A bateria Swing da Leopoldina, comandada pelo mestre Lolo, segue como um dos pilares da escola e promete uma apresentação de grande impacto rítmico. No carro de som, o intérprete Pitty de Menezes segue à frente da função, dando continuidade ao trabalho desenvolvido nas últimas temporadas, com potência vocal, clareza na condução do samba e forte comunicação com os componentes.

No quesito mais técnico da avenida, a Imperatriz mantém o casal de mestre-sala e porta-bandeira formado por Phelipe Lemos e Rafaela Theodoro. Reconhecida pela precisão, elegância e sintonia, a dupla terá a missão de defender o pavilhão verde, branco e ouro em um desfile que exige leitura clara do enredo e forte presença cênica.

A comissão de frente, assinada pelo coreógrafo Patrick Carvalho, aposta em movimentos que dialogam com a ideia de transformação constante, explorando a fluidez e a versatilidade como conceitos centrais da apresentação inicial da escola.

Durante a preparação para o desfile, o barracão da Imperatriz recebeu visitas importantes, entre elas a do próprio Ney Matogrosso, que acompanhou parte do desenvolvimento das alegorias e fantasias. A presença do homenageado reforçou o caráter simbólico e afetivo do projeto junto à comunidade.

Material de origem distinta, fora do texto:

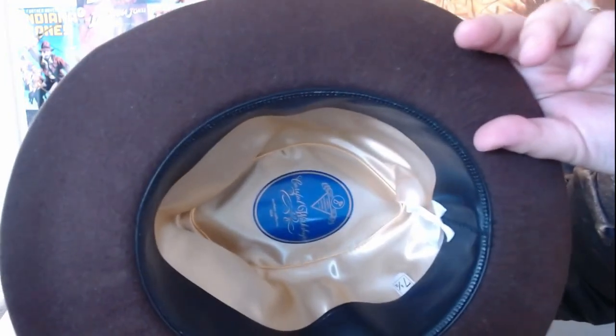And now comes the moment of truth. You can see the hat — I'm just going to carefully open this up. Man, this is legit. Oh, beautiful. Oh my god. My goodness — look at that! And there's the inside. Oh my god, wow.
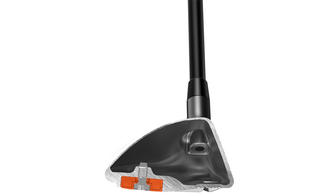Tom, thank you for joining us and providing information and insight into the Cobra Speed Zone hybrids — both the standard and the one-length — available in 2020.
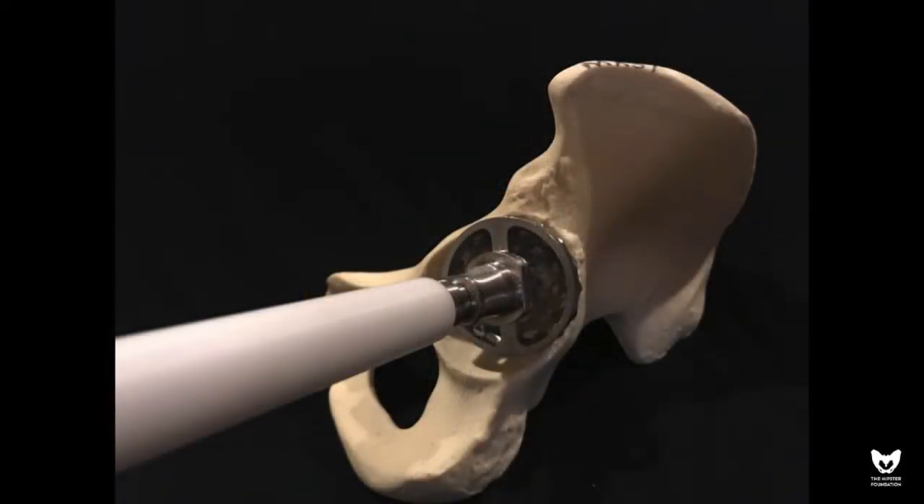We immediately introduce the similarly sized reamer into the acetabular defect — not to medialize and prepare for an acetabular component, but rather to decorticate the bone and achieve punctate bleeding, ensuring good biologic preparation of the bone for accepting a graft.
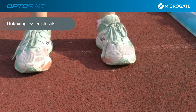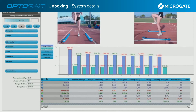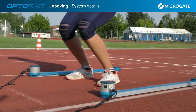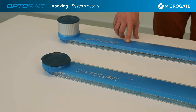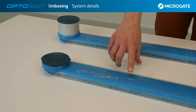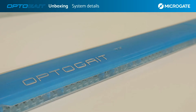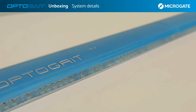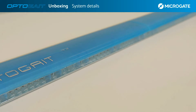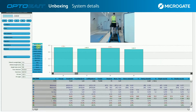Before we start with the setup, let's have a look at the bars. Understanding the technology will help us better understand how the system works during testing. The one-meter-long bars look similar but are different on the hardware side. The RX and TX markings identify the type of transmission with which the bars communicate. This takes place through a series of LEDs — 96 to be exact — which run along the entire length of the bar, creating an invisible mesh capable of measuring any movement to the nearest hundredth of a second.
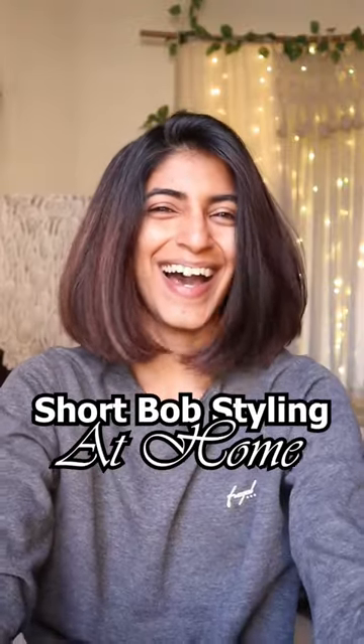Let's see how I style my short bob at home. First of all, I use a heat protectant and I use it a lot because I am genuinely very scared that the hair is damaged by a lot.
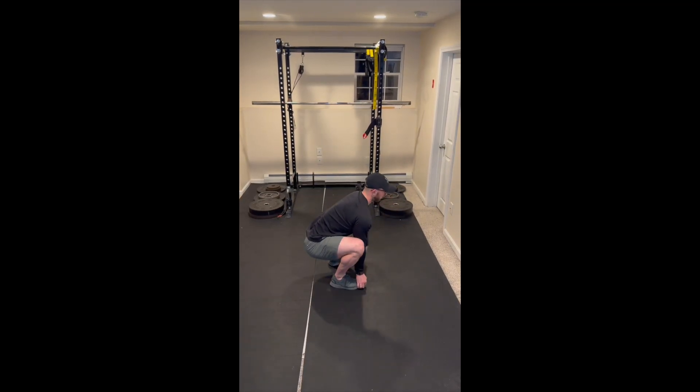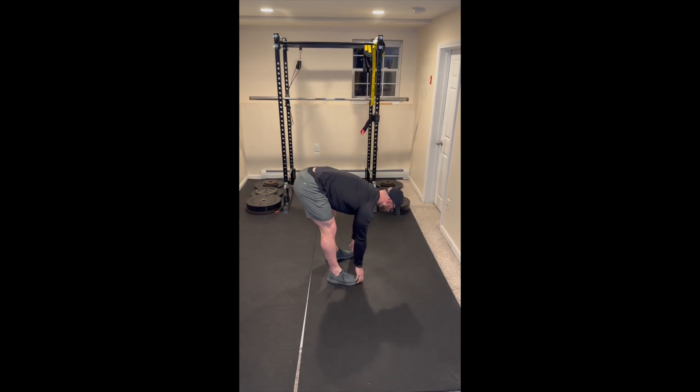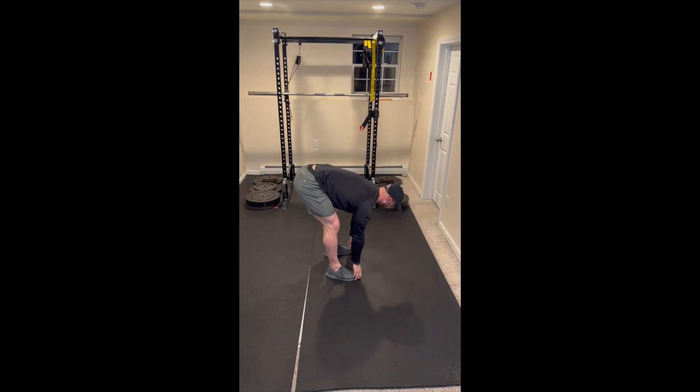Start in a standing position as you slide your hands down the front of your legs, keeping your knees straight, as your hands approach your toes. Following this, we're going to go into a deep squat where we bring our butt to our heels, keeping our elbows on the insides of our knees for a groin stretch.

Para Cátia Drumond, o foco da escola é transformar toda a preparação em um desfile consistente. "A Imperatriz tem uma história muito forte e uma comunidade que sabe o que é carnaval. Cada detalhe foi pensado com responsabilidade e amor pela escola, para que a gente possa fazer um grande desfile", afirma a presidente.

Com um enredo que celebra a liberdade artística, a diversidade e a potência da música brasileira, a Imperatriz Leopoldinense entra na Sapucaí neste domingo de carnaval reafirmando seu legado e sua ambição competitiva, apostando em um espetáculo de emoção, estética e identidade.